I read a number of articles and blog posts detailing how various individuals or organizations managed their backups, and it seemed that following the 3-2-1 backup strategy1 was a good idea. As described by BackBlaze:

A 3-2-1 strategy means having at least 3 total copies of your data, 2 of which are local but on different mediums (read: devices), and at least 1 copy offsite. We’ll use “kitten.jpg” as an example for this scenario. Kitten.jpg lives on your computer at home, it was a picture that you took of your cat in 2012. That’s one copy of the data. You also have an external hard drive that you use for backing up your computer, if you’re on a Mac, you might be using it as a Time Machine drive (and Backblaze loves Time Machine). As part of its backup process, that external hard drive will back up kitten.jpg. That’s a second copy, on a different device or medium. In addition that external hard drive, you also have an online backup solution. The online backup continuously scans your computer and uploads your data offsite to a datacenter. Kitten.jpg is included in this upload, and that becomes the third copy of your data.

The second backup that’s local allows for quick restoration and usage of the backup as needed, while the third remote backup is around in case of a major disaster of failure that could wipe out the hardware of the first and second copies, or in the event that their are errors when attempting to restore from the second backup after the first has already failed.

How to Backup

There are a number of consumer products out there, but none seemed to meet the intersection between cost, features, and system availability for which I was looking.
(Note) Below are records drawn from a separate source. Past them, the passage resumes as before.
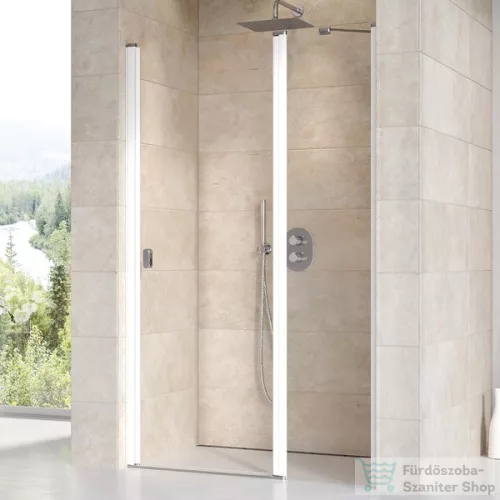 Ravak CHROME CSD2-120 120 cm-es nyílóajtó fix résszel,Fehér+Transparent 0QVGC100Z1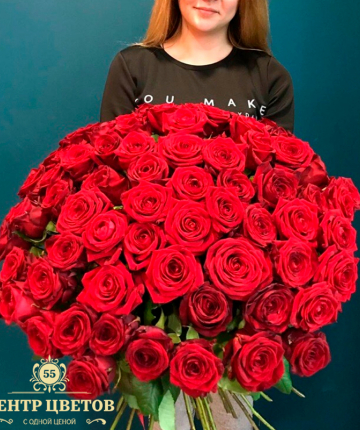 Букет из 51 красной российской розы
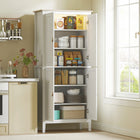 HOMCOM 70" H Kitchen Pantry Cabinet with Sensor LED Light - White-Six-tier storage in two cabinets holds pantry items and more 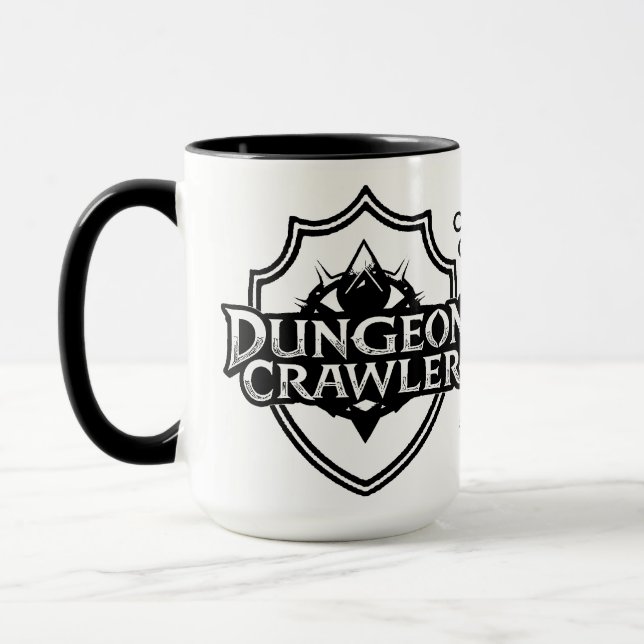 Personlig Dungeon Crawler Vit Och Svart Mugg (Vänster)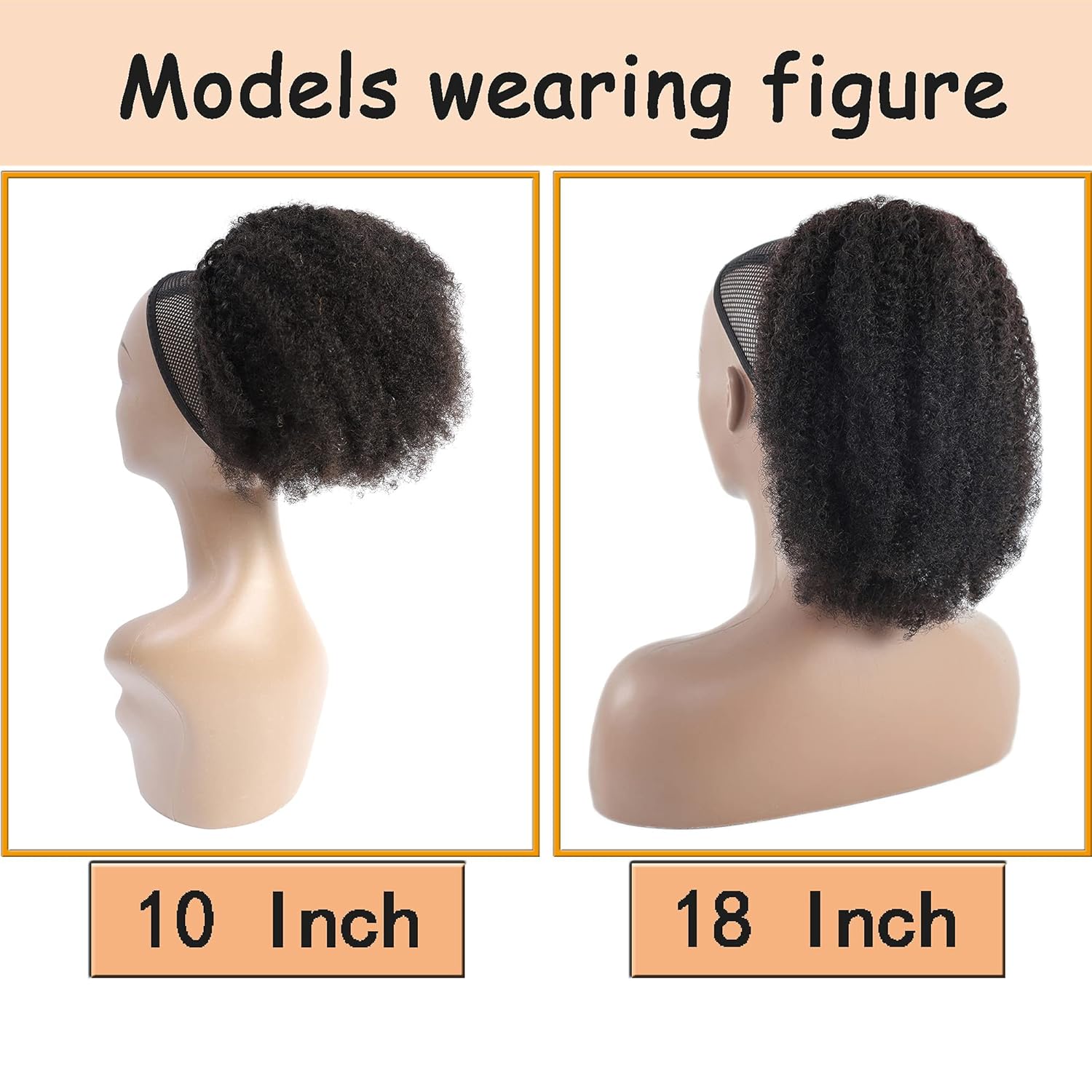 Afro Drawstring Ponytail Extension – Pure Natural Twin 1B Soft Black Synthetic Hairpiece for Women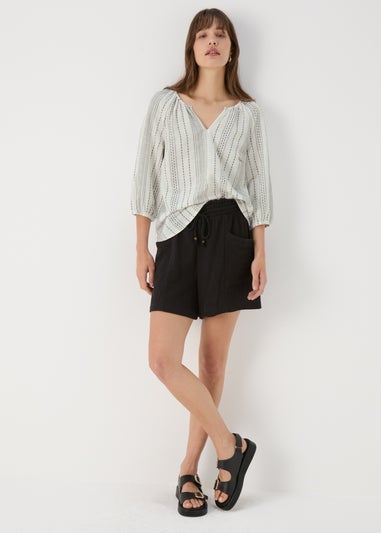 Cream Co Ord Jaquard Detail Blouse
Around this point, I came across an application called restic2 that was open-sourced, free, stable, and relatively efficient. I really came to like restic for a number of reasons, but thought it might have been a bit harder for my more non-technical relatives to use since it only has a command line interface. For them, I came across Duplicati3 which has a graphical user interface in the form of a local web server that is accessed from a browser. The biggest differences at the moment are that Duplicati does compression on the stored files, decreasing the overall size, but it maintains the state of the backup repository in a local database, which can take a very long time (sometimes weeks) to recreate.4 On the other hand, restic does not yet have compression (though it is in the works5), and it does not rely on maintaining anything outside of the repository where the data is stored (aside from the password to decrypt a repository if it’s encrypted). This is both a blessing and a curse, since you wouldn’t have to recreate or repair a database on the client side, but it requires connecting to the repository to process, check, or prune the backup data. If you happen to be on a slow Internet connection (like we are) or are using a cloud service that charges for operations on your buckets/datastores (as we are), then this can lengthen the duration of the backup cycle considerably or increase the cost of your backups. Just things to consider.

Where to Backup

Once the tools we’ve decided what to use to backup the files, we can then decide on where to store the backups. According to the 3-2-1 Backup Strategy, you need at least two other backups on different media, one of which should be located away from the other two copies. For the second, local backup, restic or Duplicati would backup to a second hard drive nearby, and then the third copy would be hosted on a cloud provider. Privacy issues about hosting personal files on a third party service were mitigated by the ability of restic and Duplicati to encrypt the backups locally before sending them over the wire. Next we just needed to decide on which third party to use. Depending on the program used, this can be limited to a few options, maybe even one. However, restic and Duplicati both support backups to several backends.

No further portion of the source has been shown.